» What to work on: When you reach the line in the listing below that contains "L’Emira en action", begin returning lines exactly as written, and stop after the line that contains "Kontena Hotel - bar". Return no other lines.

----

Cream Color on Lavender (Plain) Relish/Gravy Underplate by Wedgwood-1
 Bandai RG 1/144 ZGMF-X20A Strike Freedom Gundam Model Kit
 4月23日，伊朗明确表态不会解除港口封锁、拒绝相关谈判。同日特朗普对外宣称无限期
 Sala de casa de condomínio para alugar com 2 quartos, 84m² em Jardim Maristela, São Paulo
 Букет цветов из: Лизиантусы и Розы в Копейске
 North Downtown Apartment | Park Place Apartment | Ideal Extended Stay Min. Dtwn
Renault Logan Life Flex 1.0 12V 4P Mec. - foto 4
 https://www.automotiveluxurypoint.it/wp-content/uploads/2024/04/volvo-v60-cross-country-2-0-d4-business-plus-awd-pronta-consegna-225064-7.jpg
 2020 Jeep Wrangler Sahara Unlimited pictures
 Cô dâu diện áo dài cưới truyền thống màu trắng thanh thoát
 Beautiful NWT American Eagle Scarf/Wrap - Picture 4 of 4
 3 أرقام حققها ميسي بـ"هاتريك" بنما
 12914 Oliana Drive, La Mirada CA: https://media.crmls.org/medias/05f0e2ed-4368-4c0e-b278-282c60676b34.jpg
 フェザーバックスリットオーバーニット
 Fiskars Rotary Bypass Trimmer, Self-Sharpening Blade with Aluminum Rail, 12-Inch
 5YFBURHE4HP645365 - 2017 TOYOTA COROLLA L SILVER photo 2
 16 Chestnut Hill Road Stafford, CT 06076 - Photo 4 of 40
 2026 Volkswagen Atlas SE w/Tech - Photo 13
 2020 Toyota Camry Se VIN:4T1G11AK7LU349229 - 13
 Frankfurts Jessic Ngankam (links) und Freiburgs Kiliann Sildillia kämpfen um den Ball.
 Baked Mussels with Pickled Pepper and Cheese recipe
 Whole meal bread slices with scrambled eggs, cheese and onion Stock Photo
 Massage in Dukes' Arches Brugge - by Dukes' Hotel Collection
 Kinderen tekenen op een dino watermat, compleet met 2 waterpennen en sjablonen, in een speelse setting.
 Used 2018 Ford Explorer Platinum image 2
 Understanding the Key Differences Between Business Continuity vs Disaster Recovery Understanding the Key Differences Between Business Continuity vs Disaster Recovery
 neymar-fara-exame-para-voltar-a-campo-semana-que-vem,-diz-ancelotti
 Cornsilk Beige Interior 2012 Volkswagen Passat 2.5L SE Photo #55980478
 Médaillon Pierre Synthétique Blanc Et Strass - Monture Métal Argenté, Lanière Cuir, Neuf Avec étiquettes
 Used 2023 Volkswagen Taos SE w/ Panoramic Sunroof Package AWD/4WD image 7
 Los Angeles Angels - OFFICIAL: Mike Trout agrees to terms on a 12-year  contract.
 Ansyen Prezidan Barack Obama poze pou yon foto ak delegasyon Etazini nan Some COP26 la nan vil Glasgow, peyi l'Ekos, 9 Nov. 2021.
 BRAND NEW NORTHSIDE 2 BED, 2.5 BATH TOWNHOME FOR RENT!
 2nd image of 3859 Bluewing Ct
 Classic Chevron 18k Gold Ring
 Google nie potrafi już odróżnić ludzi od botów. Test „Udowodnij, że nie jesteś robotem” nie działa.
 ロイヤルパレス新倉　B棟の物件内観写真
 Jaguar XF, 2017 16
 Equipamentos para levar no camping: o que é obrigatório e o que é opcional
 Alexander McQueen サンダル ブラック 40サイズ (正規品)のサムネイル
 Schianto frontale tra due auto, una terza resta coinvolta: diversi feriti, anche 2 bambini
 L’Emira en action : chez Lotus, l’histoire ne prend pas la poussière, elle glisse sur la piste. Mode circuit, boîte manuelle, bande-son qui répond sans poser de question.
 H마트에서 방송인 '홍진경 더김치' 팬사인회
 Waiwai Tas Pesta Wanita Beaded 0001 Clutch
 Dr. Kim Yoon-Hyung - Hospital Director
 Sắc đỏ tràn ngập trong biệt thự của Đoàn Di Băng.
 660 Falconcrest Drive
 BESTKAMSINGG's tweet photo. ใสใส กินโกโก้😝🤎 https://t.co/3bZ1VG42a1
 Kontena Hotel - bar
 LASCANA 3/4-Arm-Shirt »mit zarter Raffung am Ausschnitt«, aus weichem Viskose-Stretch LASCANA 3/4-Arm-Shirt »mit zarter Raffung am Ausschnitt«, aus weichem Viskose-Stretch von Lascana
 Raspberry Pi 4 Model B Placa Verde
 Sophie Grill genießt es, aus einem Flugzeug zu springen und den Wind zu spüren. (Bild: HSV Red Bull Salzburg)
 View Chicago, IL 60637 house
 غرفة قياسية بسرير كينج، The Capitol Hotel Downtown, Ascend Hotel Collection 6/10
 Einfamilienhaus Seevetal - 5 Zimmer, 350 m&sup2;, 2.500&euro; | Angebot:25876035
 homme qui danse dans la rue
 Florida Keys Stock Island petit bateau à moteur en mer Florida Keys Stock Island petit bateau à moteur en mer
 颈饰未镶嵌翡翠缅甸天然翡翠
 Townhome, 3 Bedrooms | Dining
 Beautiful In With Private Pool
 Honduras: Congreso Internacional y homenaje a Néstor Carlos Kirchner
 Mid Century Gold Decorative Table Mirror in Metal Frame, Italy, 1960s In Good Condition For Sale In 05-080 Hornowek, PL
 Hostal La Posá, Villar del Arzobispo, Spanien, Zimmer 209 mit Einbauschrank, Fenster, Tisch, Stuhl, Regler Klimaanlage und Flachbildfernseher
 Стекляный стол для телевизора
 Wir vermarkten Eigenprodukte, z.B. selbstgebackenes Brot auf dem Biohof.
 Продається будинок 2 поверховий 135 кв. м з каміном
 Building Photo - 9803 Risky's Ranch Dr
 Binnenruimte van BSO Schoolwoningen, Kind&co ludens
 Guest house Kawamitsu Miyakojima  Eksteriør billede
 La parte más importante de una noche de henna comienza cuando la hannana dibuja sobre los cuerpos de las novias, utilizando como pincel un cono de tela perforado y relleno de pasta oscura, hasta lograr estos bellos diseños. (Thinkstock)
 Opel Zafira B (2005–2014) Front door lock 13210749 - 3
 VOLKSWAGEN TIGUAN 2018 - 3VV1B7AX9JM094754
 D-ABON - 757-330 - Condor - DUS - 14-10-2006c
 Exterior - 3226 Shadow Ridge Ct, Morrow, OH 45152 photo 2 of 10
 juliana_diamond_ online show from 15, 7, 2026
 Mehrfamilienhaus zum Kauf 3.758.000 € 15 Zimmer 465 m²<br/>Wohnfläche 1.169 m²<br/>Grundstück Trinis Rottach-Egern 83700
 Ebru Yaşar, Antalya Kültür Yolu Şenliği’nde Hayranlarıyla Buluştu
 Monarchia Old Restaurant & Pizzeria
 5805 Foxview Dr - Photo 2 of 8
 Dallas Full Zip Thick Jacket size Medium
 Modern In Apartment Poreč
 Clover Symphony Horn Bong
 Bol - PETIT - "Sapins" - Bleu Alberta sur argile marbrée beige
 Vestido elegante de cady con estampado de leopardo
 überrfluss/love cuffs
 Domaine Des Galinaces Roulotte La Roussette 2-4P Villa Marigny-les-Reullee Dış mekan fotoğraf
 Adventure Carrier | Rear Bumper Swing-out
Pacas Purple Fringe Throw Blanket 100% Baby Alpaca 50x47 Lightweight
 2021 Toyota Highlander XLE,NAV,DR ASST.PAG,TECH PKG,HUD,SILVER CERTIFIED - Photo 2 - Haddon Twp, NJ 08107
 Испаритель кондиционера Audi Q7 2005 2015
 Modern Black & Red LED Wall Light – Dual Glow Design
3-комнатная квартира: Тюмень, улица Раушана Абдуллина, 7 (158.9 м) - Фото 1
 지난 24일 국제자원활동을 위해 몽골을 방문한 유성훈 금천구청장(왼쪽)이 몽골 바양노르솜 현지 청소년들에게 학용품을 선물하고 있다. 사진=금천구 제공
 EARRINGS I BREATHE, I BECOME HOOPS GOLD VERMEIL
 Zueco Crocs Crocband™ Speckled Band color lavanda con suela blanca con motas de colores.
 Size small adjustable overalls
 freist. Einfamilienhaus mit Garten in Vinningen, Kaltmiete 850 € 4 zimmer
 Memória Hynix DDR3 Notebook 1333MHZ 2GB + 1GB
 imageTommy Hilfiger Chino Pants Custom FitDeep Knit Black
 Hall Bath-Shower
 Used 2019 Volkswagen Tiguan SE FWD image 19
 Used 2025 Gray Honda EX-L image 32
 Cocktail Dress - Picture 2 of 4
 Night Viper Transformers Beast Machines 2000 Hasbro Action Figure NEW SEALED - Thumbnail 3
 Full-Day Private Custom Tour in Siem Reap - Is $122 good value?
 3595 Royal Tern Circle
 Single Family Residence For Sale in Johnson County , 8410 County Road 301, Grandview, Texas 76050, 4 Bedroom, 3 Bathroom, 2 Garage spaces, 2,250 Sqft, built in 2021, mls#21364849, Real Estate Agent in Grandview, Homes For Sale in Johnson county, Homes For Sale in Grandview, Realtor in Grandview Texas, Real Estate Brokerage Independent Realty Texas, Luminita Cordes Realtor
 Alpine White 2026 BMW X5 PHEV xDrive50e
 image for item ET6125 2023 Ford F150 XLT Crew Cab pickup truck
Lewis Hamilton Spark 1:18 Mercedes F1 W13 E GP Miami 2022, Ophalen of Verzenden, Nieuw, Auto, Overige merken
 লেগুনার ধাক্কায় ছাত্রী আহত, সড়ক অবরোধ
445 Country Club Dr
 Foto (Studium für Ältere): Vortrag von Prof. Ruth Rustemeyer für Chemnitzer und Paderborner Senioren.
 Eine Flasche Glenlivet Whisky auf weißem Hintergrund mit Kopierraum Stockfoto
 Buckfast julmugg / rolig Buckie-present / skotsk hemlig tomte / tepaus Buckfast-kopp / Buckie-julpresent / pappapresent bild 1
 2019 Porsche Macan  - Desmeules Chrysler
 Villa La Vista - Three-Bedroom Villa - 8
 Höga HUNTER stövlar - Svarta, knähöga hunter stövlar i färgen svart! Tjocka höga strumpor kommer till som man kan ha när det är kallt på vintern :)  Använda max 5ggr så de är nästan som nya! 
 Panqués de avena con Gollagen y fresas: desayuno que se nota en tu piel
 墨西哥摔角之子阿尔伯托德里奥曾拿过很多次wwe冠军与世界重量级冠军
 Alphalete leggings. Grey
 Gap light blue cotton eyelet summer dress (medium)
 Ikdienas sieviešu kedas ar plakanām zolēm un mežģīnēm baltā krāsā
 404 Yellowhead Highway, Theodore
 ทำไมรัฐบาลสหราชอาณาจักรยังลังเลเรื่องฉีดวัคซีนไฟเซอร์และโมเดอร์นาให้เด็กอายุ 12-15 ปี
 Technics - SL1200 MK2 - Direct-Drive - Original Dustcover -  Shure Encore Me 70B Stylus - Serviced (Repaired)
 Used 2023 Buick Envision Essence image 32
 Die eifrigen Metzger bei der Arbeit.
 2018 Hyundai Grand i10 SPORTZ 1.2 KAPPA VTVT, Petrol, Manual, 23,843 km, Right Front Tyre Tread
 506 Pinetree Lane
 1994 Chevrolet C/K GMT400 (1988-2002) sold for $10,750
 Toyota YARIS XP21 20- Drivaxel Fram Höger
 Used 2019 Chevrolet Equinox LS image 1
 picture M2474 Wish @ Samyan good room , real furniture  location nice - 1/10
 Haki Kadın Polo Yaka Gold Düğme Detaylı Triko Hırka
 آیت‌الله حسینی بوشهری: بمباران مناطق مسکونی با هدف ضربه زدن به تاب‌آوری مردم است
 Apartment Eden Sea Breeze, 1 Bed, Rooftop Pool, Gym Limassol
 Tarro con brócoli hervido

----

» Task result:
 L’Emira en action : chez Lotus, l’histoire ne prend pas la poussière, elle glisse sur la piste. Mode circuit, boîte manuelle, bande-son qui répond sans poser de question.
 H마트에서 방송인 '홍진경 더김치' 팬사인회
 Waiwai Tas Pesta Wanita Beaded 0001 Clutch
 Dr. Kim Yoon-Hyung - Hospital Director
 Sắc đỏ tràn ngập trong biệt thự của Đoàn Di Băng.
 660 Falconcrest Drive
 BESTKAMSINGG's tweet photo. ใสใส กินโกโก้😝🤎 https://t.co/3bZ1VG42a1
 Kontena Hotel - bar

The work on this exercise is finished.